Leave every picture out and give back the lines below from the first through the line that holds "24pcs Medium Almond", exactly as written.

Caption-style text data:

---+---

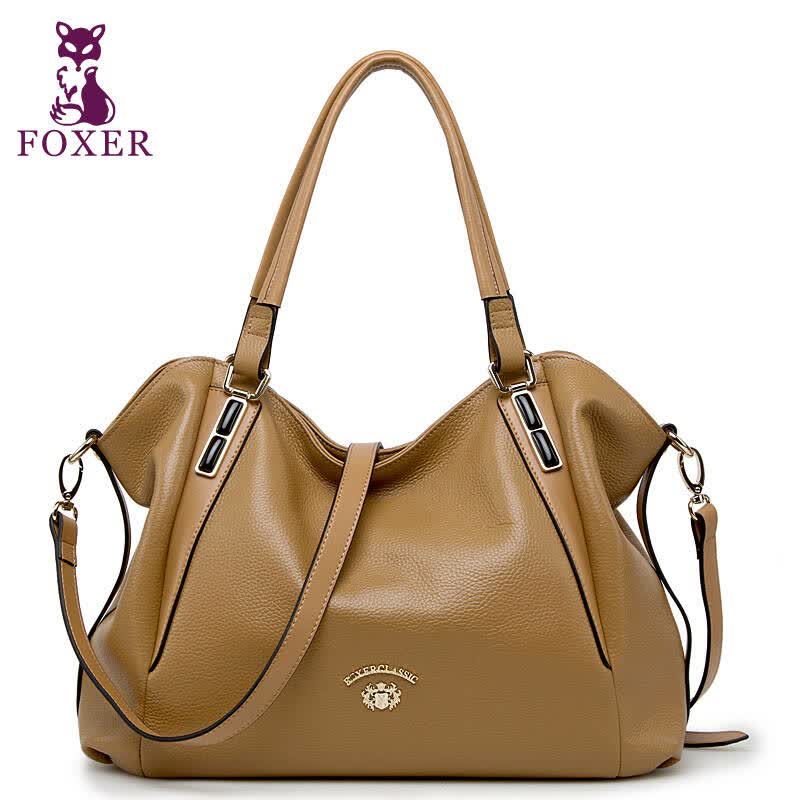 金狐狸(foxer)女包 金狐狸foxer头层牛皮简约百搭手提单肩斜挎大包
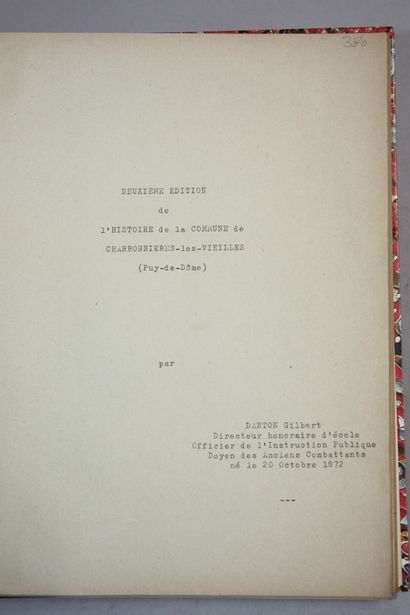 DANTON (Gilbert). Histoire de la commune...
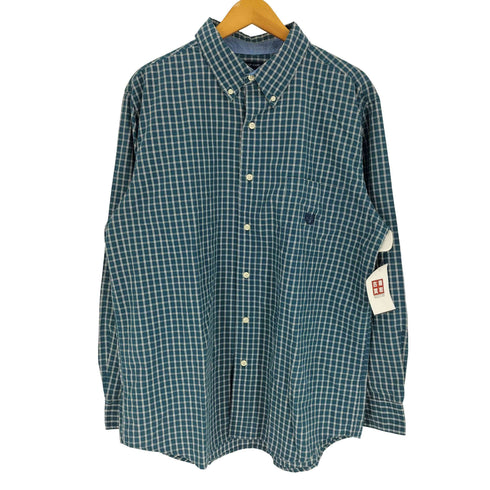 チャップス CHAPS 00S EASY CARE ロゴ 刺繍 チェック コットン ポリ B.D シャツ メンズ import:L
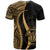 Niue T Shirt Gold Polynesian Tentacle Tribal Pattern - Polynesian Pride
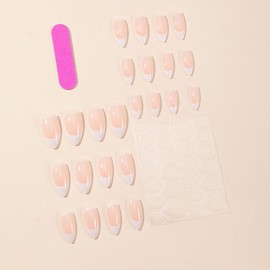 24pcs Medium Almond Press on Nails White Nail Tips Fake Nails Glossy Nude Pink False Nails Stick on Nails Full Cover Artificial Glue on Nails Acrylic Nail Kit for Women Girls DIY Manicure Salon
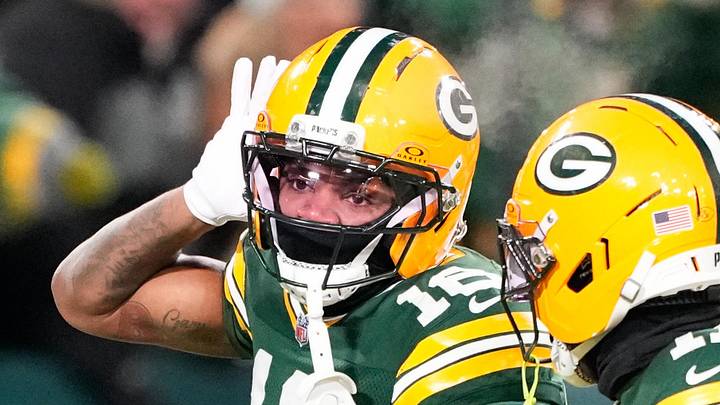 Packers receiver/cornerback Bo Melton celebrates his touchdown catch against the Bears last season.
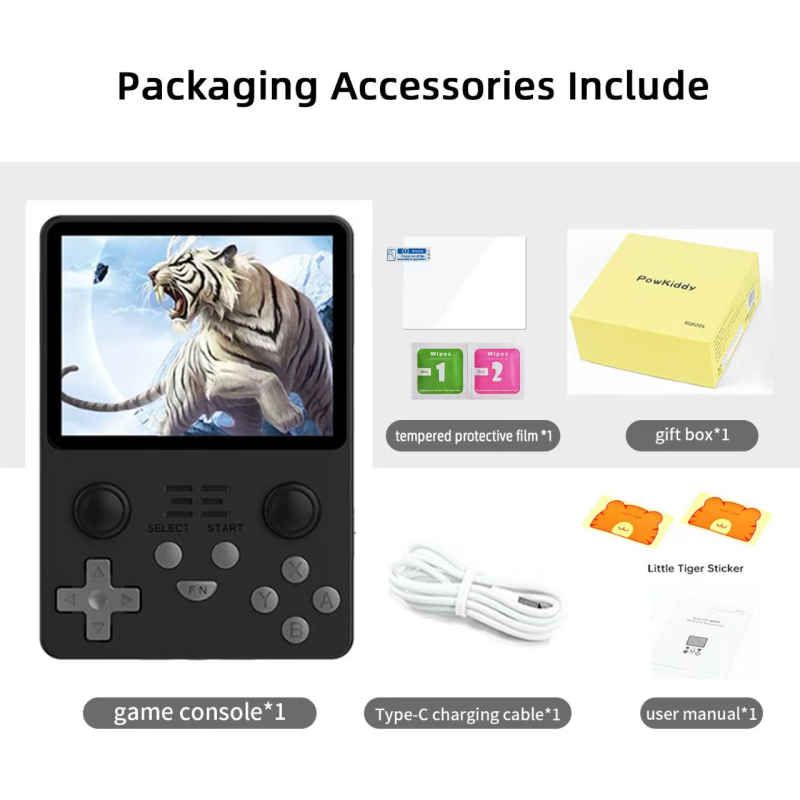 POWKIDDY φορητή κονσόλα παιχνιδιών με Linux OS, μνήμη 1GB/64GB/128GB/256GB, USB διεπαφή και 3,5 mm υποδοχή ήχου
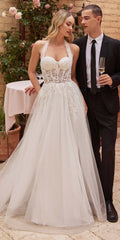 Ladivine CD827W Long Convertible Tulle Strap A-Line Wedding Ball Gown - Luzilly Bridal & Apparel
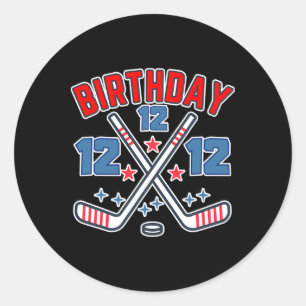 Ice Hockey Twelve Birthday Boy 12th Party Boys Age Classic Round Sticker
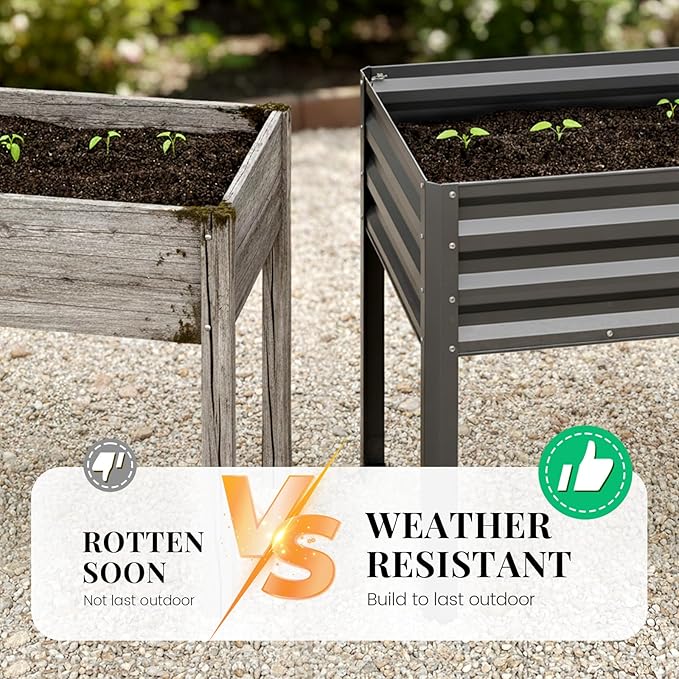 KING BIRD Large Raised Garden Bed with Cover Galvanized Elevated Planter Box with Legs 48×24×56 in for Backyard, Patio, Balcony, 400lb Capacity, Dark Grey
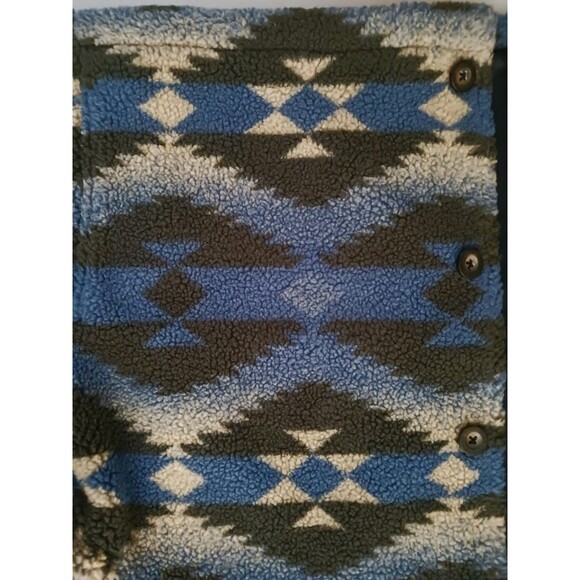 Woolrich Short Fleece Jacket Blue Gray Southwest Button Front Pockets Sz L - Picture 6 of 11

---+---

Task result:
 金狐狸(foxer)女包 金狐狸foxer头层牛皮简约百搭手提单肩斜挎大包
 DANTON (Gilbert). Histoire de la commune...
 チャップス CHAPS 00S EASY CARE ロゴ 刺繍 チェック コットン ポリ B.D シャツ メンズ import:L
 Niue T Shirt Gold Polynesian Tentacle Tribal Pattern - Polynesian Pride
 24pcs Medium Almond Press on Nails White Nail Tips Fake Nails Glossy Nude Pink False Nails Stick on Nails Full Cover Artificial Glue on Nails Acrylic Nail Kit for Women Girls DIY Manicure Salon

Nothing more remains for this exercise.